We come now to a second (but by no means unrelated) development. It is that although the Confession speaks of but three offices we have permitted a fourth kind of officer to come on the scene, that of a “teaching elder” who only teaches, one who does not by definition also preach, that of the “professor.” This new kind of officer enjoys a special status in that he is, by definition, a member of every eventual synodical gathering, and not just a member but a more than averagely prominent one. Unlike the “elder,” who gets to synod, maybe, once in a lifetime, these non-preaching “preaching elders” are expected to be on hand at every such gathering. Nor is that the extent of their preferment; they can count on being given an assignment on at least one Advisory Committee of such a synod, serving, as it were, as advisor to the advisors. This imbalance, this seat-of-prominence, assigned to a kind of’ “officer” unknown to the pertinent article in the Belgic Confession, needs to be given a second look, perhaps corrected.

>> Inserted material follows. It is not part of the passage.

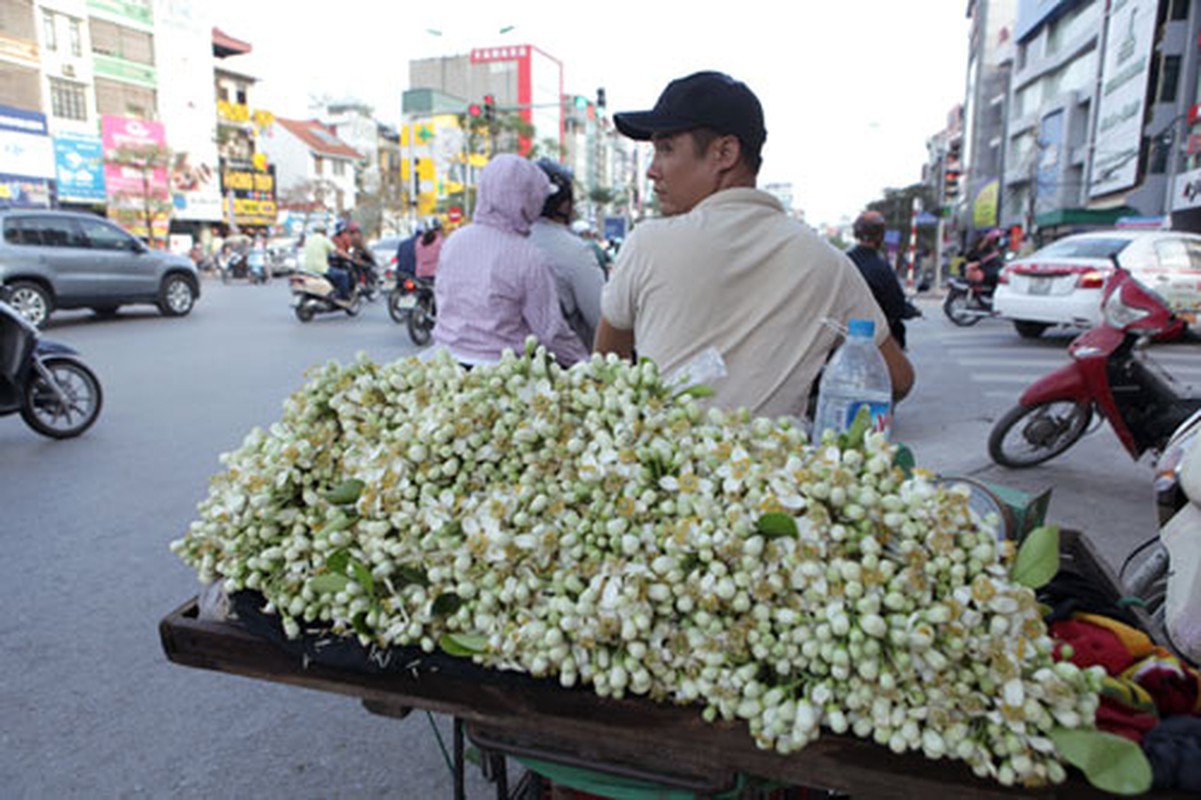 Anh: Mua hoa buoi diu dang xuong pho-Hinh-2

As we ponder this possibility it is to be kept in mind that people whose sole task is to “teach” must be on guard constantly lest they become lopsidedly theoretical, have their “heads in the clouds,” as it has been put, live in an “ivory tower,” as it has likewise been put. Far be it from us to say, or even suggest, that such long-on-theory people arc a needless luxury—but it remains a fact that parish ministers, as well as the elders whom they were meant to assist, meet up constantly with life as it is lived. This implies that synods should address themselves primarily to the problems which elders and ministers encounter as they go about their assignment in this work-a-day world, that synods should only by way of exception concern themselves with refinement of theoretical truth. It is our conviction that if this provision were faith fully put in practice, the agenda of a prospective synod would be appreciably less voluminous.

Of this we may be sure: if those Reformed people who in 1563 were already signing their names to the Belgic Confession, as a Formula of Unity, were to return to the scene, they would be amazed to find a senat in which deacons are al most absent and preachers are at the steering wheel. They would arch their eyebrows at the sight of non-preaching “elders” sitting on more or Jess elevated seats, determining to a goodly extent how things go at the senat of senats, known to us as synodical gatherings

Rev. Leonard Verduin is a retired Christian Reformed pastor living at Grand Rapids, Michigan (winters, Apache Junction, Arizona).